**Assigned task:** Each line in the records below, from the one that contains "bride smiles standing" to the one that contains "Businessman programmer, developer", should be reproduced exactly, the first and last included.

**Data extracts:**
◆ ◆ ◆ ◆
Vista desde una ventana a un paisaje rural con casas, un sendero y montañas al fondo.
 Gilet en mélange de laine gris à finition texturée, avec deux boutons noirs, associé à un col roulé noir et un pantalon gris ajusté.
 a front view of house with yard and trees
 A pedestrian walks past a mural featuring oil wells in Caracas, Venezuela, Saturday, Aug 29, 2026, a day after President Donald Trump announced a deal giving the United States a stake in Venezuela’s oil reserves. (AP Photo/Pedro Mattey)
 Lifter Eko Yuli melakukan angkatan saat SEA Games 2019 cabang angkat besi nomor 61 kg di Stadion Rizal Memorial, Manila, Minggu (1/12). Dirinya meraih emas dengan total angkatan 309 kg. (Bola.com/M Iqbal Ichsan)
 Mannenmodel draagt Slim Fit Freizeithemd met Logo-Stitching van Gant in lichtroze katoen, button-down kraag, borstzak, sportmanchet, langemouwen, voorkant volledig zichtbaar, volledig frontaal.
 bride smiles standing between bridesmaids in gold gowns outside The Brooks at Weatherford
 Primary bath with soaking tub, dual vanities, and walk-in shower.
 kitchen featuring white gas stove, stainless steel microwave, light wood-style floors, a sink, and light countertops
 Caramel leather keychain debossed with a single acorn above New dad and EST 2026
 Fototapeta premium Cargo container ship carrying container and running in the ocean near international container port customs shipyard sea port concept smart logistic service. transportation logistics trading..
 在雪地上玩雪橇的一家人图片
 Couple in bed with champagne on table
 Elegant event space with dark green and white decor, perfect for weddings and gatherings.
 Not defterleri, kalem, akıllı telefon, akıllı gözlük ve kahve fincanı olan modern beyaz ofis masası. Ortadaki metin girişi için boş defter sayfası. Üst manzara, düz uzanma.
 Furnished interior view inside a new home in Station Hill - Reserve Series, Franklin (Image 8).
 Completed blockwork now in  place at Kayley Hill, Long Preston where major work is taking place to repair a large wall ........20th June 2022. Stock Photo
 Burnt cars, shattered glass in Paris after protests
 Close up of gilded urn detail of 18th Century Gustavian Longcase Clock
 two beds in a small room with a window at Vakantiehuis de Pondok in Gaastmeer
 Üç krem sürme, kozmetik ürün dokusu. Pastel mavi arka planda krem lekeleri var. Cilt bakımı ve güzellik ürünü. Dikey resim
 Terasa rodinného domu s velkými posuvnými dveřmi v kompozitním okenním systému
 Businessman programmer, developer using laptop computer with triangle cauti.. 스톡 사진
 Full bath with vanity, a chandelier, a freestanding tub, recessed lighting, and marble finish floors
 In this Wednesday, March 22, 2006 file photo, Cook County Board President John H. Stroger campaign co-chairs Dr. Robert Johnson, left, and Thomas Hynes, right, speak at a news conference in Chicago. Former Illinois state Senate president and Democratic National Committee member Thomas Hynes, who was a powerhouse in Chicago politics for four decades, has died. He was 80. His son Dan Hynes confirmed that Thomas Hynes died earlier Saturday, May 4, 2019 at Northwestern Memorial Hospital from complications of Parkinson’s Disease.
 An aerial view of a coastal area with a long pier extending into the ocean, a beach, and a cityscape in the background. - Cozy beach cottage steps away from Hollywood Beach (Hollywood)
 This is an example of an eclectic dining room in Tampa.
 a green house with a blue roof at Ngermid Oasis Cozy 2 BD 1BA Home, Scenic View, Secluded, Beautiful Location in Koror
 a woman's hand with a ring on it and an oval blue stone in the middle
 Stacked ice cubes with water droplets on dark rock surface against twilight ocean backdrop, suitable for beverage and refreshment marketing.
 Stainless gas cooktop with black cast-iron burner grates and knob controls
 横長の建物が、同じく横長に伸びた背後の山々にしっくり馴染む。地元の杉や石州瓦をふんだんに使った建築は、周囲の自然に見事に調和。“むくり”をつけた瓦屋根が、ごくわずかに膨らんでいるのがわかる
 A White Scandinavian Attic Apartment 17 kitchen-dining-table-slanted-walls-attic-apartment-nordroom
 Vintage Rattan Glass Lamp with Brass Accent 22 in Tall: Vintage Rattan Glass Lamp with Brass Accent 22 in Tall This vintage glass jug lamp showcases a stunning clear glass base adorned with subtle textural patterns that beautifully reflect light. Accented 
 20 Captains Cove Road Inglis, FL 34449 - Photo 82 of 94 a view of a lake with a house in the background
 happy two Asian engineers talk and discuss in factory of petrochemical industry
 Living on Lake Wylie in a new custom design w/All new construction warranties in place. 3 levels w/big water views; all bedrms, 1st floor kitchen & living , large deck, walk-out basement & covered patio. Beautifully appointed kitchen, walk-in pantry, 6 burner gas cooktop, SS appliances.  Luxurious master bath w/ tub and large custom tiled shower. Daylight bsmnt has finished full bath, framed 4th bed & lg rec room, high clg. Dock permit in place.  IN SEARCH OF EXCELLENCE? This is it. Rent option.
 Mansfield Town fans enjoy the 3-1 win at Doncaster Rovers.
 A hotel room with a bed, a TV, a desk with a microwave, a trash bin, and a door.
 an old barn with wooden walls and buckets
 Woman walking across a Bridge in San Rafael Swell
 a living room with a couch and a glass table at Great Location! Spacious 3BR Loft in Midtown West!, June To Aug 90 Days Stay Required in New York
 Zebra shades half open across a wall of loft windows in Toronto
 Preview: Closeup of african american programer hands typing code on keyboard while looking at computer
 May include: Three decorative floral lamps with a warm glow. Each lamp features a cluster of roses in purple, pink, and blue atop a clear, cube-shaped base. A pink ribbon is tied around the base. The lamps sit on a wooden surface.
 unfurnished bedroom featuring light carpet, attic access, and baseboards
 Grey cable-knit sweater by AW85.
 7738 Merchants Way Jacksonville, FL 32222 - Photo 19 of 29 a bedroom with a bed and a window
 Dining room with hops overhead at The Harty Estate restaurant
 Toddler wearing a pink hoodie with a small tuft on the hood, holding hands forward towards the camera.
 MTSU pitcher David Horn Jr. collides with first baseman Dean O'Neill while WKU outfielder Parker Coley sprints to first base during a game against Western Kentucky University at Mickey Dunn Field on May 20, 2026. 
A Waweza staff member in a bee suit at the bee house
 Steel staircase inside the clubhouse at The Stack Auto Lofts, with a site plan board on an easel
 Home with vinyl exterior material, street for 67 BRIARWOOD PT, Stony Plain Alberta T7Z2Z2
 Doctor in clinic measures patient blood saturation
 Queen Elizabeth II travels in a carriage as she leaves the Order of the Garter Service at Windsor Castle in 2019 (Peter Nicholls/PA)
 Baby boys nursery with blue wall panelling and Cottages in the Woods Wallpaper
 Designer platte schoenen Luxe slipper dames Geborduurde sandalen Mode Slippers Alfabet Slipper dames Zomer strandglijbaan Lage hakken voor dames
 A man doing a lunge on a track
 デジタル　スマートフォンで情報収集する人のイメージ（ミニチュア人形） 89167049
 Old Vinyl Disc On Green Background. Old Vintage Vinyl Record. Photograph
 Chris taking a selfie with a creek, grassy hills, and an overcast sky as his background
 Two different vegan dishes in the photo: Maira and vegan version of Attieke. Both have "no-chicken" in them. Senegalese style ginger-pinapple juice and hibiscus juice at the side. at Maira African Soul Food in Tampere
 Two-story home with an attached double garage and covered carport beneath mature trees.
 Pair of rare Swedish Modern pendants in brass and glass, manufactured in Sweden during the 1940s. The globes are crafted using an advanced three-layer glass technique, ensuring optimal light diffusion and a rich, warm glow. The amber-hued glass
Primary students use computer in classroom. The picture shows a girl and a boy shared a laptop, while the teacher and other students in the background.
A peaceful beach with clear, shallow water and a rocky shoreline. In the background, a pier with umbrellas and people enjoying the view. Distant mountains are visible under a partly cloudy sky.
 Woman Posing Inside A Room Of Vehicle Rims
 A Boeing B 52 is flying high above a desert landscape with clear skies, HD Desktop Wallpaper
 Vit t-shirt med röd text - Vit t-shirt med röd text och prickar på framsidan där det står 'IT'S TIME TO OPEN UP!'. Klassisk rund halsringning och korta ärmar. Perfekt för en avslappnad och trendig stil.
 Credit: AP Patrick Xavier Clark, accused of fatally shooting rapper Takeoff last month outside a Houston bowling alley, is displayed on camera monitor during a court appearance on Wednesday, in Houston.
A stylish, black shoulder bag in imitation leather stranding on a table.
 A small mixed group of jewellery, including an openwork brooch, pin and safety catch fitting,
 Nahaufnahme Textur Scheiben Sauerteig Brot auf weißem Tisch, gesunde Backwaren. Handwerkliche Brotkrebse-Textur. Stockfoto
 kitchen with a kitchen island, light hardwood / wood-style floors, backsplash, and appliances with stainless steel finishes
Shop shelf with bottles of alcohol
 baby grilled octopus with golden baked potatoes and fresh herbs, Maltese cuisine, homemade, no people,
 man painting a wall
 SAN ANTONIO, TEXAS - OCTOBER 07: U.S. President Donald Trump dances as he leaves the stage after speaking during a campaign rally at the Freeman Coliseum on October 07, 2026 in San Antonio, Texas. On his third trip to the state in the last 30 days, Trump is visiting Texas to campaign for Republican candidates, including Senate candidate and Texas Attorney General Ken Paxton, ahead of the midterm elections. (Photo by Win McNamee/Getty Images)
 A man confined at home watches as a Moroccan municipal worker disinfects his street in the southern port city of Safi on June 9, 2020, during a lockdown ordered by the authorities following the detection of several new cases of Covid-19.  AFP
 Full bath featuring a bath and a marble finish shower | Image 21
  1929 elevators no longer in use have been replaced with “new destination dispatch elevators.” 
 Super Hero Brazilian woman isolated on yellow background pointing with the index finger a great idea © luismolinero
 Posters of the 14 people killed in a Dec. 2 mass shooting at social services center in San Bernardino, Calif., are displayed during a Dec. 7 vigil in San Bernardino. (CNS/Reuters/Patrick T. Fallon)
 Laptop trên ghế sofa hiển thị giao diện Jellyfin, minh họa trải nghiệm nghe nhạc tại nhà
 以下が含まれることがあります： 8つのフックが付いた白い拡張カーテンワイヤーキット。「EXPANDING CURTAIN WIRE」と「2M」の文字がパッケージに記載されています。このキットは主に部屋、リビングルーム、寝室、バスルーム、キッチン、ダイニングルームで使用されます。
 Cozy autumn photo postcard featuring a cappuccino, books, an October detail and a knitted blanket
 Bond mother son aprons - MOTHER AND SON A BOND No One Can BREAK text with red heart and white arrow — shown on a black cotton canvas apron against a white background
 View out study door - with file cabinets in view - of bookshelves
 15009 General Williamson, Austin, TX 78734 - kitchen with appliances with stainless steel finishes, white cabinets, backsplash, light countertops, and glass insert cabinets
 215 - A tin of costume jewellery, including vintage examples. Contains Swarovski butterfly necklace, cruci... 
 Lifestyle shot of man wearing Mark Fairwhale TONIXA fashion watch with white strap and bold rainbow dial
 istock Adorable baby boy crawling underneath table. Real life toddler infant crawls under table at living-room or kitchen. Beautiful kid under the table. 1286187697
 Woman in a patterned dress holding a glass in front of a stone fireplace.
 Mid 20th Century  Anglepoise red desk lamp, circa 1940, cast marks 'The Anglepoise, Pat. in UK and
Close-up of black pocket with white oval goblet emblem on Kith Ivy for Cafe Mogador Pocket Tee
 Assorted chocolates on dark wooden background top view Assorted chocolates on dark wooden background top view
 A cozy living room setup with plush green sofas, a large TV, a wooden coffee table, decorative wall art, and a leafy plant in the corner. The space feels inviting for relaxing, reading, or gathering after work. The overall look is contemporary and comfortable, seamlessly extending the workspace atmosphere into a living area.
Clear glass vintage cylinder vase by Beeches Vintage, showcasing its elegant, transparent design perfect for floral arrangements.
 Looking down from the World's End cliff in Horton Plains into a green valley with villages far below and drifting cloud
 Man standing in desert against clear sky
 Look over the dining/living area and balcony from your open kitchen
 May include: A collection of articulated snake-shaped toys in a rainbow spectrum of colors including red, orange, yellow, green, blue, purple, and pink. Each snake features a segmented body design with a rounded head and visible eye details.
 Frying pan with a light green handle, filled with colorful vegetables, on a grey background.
◆ ◆ ◆ ◆
**Solution for this task:**
 bride smiles standing between bridesmaids in gold gowns outside The Brooks at Weatherford
 Primary bath with soaking tub, dual vanities, and walk-in shower.
 kitchen featuring white gas stove, stainless steel microwave, light wood-style floors, a sink, and light countertops
 Caramel leather keychain debossed with a single acorn above New dad and EST 2026
 Fototapeta premium Cargo container ship carrying container and running in the ocean near international container port customs shipyard sea port concept smart logistic service. transportation logistics trading..
 在雪地上玩雪橇的一家人图片
 Couple in bed with champagne on table
 Elegant event space with dark green and white decor, perfect for weddings and gatherings.
 Not defterleri, kalem, akıllı telefon, akıllı gözlük ve kahve fincanı olan modern beyaz ofis masası. Ortadaki metin girişi için boş defter sayfası. Üst manzara, düz uzanma.
 Furnished interior view inside a new home in Station Hill - Reserve Series, Franklin (Image 8).
 Completed blockwork now in  place at Kayley Hill, Long Preston where major work is taking place to repair a large wall ........20th June 2022. Stock Photo
 Burnt cars, shattered glass in Paris after protests
 Close up of gilded urn detail of 18th Century Gustavian Longcase Clock
 two beds in a small room with a window at Vakantiehuis de Pondok in Gaastmeer
 Üç krem sürme, kozmetik ürün dokusu. Pastel mavi arka planda krem lekeleri var. Cilt bakımı ve güzellik ürünü. Dikey resim
 Terasa rodinného domu s velkými posuvnými dveřmi v kompozitním okenním systému
 Businessman programmer, developer using laptop computer with triangle cauti.. 스톡 사진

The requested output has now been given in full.